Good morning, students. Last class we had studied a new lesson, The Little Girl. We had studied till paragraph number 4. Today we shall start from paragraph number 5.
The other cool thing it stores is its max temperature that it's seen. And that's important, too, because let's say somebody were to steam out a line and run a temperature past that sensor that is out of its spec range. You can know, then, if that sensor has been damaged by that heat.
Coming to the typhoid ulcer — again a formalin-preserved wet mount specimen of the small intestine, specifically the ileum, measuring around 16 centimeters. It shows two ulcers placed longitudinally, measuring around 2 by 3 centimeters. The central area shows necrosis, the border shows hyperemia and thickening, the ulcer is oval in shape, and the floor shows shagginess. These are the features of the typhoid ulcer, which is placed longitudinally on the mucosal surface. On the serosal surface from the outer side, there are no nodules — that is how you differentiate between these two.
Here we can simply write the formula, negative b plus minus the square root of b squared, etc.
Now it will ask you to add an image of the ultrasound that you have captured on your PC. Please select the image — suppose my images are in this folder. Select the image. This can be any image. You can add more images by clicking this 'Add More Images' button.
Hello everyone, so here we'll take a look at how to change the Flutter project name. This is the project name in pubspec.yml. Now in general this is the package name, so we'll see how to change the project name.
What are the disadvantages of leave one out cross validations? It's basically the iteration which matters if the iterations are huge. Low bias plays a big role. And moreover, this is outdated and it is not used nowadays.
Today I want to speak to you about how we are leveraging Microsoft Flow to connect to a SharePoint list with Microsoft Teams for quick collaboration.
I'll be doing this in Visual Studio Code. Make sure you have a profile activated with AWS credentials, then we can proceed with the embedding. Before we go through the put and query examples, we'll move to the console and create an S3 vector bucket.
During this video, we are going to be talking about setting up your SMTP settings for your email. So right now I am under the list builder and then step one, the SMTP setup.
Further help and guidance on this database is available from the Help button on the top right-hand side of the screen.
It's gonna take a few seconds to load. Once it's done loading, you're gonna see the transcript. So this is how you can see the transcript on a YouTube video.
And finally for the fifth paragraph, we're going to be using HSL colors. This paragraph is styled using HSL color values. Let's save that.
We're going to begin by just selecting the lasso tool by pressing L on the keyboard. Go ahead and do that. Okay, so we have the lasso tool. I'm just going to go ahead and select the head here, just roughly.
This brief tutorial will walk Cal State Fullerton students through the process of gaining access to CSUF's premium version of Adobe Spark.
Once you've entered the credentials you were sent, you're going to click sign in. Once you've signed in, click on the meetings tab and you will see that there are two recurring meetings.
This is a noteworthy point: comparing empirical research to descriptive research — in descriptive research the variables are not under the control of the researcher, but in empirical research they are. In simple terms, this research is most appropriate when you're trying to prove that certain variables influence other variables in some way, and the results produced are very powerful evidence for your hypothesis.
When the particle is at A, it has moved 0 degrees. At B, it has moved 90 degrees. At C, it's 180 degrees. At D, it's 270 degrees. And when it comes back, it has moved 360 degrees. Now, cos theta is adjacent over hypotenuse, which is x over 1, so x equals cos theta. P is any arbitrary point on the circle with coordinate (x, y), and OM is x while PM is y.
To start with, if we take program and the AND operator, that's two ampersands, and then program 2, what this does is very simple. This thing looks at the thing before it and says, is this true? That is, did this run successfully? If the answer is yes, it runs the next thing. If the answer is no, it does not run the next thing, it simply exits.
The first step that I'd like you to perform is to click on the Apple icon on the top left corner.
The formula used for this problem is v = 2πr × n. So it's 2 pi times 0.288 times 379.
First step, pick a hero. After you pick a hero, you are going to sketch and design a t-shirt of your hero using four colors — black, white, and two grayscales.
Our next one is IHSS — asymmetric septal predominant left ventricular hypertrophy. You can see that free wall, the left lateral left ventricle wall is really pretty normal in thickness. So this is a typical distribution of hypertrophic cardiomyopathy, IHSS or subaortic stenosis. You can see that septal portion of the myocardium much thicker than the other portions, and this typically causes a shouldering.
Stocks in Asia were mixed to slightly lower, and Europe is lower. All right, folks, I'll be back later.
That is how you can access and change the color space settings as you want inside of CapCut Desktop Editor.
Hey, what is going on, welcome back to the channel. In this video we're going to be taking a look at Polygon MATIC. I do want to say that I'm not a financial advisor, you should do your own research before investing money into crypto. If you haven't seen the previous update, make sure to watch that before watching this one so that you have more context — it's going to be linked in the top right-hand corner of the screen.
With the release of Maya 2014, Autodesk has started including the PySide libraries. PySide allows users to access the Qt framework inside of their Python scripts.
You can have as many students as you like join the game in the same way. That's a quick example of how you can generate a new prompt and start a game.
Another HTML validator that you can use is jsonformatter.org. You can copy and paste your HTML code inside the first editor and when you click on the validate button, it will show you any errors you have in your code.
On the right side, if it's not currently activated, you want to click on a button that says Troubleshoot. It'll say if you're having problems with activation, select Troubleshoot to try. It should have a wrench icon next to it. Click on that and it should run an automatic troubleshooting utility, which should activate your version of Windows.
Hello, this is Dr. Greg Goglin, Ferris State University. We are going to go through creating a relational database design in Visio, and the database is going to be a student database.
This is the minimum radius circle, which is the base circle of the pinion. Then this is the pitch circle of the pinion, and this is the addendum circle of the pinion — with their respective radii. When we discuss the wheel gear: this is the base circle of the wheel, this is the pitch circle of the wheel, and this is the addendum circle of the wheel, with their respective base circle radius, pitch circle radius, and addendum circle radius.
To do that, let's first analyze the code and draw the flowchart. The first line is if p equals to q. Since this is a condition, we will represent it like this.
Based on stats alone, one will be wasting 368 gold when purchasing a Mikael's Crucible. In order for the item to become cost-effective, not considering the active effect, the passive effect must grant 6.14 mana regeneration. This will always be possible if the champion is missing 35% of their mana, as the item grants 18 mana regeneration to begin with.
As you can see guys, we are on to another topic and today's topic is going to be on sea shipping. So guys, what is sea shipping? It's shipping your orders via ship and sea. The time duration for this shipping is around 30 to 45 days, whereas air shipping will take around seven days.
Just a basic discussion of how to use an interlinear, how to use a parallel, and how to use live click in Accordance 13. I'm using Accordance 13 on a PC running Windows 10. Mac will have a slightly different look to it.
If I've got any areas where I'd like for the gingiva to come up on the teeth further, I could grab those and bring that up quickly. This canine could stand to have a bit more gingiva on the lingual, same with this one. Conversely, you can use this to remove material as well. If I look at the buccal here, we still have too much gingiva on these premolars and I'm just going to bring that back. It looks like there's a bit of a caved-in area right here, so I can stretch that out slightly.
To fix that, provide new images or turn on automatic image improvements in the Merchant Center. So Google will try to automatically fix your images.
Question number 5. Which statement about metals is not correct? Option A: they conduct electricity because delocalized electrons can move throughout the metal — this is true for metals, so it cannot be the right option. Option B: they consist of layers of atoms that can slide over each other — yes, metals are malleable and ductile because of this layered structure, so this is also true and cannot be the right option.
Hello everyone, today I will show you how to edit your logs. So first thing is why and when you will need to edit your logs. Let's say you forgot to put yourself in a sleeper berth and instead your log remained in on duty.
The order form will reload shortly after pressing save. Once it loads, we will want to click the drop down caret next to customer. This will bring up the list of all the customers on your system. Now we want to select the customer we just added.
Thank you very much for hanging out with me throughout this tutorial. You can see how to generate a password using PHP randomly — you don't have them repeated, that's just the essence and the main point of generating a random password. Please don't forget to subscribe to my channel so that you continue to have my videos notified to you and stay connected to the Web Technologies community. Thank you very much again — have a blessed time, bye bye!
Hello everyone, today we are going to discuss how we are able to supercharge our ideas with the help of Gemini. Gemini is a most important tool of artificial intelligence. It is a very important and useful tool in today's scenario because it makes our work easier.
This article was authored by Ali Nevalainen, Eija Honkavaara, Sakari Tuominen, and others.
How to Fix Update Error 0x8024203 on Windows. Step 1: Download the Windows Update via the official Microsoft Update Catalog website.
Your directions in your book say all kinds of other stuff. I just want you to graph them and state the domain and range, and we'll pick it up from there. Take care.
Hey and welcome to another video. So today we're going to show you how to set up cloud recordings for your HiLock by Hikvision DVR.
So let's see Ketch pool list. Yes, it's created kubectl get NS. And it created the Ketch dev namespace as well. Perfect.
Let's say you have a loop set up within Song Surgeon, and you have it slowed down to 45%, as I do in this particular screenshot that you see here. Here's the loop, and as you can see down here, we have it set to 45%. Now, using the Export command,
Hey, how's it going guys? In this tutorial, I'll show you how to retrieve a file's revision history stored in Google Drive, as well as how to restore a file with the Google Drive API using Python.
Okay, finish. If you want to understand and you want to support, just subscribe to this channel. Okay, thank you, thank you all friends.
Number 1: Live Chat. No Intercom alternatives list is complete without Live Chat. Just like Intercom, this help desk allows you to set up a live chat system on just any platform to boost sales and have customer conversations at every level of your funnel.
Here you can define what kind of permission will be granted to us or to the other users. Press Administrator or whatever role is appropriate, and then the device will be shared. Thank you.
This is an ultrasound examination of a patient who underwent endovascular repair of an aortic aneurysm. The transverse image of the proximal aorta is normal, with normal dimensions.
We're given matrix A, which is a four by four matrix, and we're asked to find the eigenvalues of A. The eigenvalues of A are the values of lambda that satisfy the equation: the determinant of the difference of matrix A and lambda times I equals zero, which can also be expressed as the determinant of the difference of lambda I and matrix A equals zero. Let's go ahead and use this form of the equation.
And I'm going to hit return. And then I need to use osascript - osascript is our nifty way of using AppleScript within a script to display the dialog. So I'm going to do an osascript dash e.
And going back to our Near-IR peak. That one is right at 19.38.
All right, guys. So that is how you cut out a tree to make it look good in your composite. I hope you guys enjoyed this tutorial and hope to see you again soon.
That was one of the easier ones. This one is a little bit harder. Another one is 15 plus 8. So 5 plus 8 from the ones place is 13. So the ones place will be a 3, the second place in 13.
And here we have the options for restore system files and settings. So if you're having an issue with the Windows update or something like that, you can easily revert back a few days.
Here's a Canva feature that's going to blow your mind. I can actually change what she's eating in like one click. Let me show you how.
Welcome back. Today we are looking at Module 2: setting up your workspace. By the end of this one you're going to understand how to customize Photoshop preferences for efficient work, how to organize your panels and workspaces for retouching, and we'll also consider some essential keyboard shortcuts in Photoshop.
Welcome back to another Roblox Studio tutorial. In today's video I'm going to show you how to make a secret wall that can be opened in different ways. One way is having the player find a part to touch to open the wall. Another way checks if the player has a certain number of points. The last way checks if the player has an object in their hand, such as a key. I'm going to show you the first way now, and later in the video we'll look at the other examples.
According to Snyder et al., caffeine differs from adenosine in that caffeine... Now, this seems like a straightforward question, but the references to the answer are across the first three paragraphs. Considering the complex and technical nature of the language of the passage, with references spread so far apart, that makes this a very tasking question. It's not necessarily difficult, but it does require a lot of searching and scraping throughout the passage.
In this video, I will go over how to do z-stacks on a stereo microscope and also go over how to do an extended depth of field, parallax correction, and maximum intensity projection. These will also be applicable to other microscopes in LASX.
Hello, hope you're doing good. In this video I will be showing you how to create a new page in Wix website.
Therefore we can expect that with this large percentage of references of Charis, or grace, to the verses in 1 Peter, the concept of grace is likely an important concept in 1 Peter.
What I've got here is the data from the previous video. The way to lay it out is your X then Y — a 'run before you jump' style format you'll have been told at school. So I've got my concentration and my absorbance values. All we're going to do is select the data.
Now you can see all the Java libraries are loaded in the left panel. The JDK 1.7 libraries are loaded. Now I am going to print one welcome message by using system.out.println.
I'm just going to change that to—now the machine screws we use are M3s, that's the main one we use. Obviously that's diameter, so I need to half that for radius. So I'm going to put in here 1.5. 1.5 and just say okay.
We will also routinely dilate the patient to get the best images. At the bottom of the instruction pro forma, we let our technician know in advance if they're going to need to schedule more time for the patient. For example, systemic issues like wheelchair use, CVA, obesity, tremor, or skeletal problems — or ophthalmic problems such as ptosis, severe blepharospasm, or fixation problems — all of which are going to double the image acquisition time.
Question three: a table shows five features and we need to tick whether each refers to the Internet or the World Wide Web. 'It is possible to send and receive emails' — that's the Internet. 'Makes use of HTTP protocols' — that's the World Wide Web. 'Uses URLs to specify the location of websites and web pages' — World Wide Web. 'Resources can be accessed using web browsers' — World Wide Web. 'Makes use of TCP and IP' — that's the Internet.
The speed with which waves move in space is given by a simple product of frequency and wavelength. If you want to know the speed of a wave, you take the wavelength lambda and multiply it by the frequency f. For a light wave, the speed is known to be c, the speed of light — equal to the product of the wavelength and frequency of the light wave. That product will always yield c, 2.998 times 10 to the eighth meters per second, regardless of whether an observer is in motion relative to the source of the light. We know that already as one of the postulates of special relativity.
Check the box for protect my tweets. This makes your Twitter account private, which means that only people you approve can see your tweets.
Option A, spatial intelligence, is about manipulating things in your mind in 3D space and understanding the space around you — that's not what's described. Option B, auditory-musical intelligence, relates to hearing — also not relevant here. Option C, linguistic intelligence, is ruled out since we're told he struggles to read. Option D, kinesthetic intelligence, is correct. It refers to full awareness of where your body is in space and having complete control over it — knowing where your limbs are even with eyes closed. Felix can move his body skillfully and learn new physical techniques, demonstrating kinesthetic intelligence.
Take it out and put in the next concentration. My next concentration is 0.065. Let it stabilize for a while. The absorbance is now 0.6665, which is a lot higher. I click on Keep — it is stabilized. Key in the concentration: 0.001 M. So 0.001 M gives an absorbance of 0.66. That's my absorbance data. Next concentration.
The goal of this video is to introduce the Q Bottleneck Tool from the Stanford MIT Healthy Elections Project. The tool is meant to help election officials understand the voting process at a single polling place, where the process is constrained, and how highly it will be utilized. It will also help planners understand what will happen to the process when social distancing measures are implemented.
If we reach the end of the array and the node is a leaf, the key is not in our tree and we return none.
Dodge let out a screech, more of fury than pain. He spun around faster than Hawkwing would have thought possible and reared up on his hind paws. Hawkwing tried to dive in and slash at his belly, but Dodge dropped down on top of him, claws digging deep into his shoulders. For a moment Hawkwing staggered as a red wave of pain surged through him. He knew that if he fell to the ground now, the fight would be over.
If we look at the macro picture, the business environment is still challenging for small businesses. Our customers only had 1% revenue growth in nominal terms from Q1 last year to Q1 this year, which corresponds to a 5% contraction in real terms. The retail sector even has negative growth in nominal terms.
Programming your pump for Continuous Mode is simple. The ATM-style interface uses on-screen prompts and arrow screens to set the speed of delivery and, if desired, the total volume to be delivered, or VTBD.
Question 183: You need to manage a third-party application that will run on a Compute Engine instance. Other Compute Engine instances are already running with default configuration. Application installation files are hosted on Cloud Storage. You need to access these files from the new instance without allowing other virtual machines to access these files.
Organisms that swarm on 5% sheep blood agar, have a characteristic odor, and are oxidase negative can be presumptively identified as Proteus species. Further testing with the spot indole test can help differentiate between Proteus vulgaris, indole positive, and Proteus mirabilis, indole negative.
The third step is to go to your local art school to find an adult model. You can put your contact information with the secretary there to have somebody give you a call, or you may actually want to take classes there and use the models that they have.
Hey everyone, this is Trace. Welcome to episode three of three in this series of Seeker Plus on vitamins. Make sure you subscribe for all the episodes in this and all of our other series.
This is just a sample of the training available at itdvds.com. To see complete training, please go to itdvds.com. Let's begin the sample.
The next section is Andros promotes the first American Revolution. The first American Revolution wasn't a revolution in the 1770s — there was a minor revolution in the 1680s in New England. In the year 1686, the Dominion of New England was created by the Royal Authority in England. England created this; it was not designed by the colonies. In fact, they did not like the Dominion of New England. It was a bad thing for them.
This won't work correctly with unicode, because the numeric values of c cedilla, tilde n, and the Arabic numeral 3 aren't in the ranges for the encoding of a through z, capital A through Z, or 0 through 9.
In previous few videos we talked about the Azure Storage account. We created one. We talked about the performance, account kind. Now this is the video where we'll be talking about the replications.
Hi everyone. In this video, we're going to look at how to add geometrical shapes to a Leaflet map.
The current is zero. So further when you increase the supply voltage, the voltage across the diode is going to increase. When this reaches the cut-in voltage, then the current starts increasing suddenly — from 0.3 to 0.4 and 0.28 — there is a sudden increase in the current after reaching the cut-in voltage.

********

If a line of the entries holds the word "speed", copy it out.

● SOLUTION TO THIS TASK:
The speed with which waves move in space is given by a simple product of frequency and wavelength. If you want to know the speed of a wave, you take the wavelength lambda and multiply it by the frequency f. For a light wave, the speed is known to be c, the speed of light — equal to the product of the wavelength and frequency of the light wave. That product will always yield c, 2.998 times 10 to the eighth meters per second, regardless of whether an observer is in motion relative to the source of the light. We know that already as one of the postulates of special relativity.
Programming your pump for Continuous Mode is simple. The ATM-style interface uses on-screen prompts and arrow screens to set the speed of delivery and, if desired, the total volume to be delivered, or VTBD.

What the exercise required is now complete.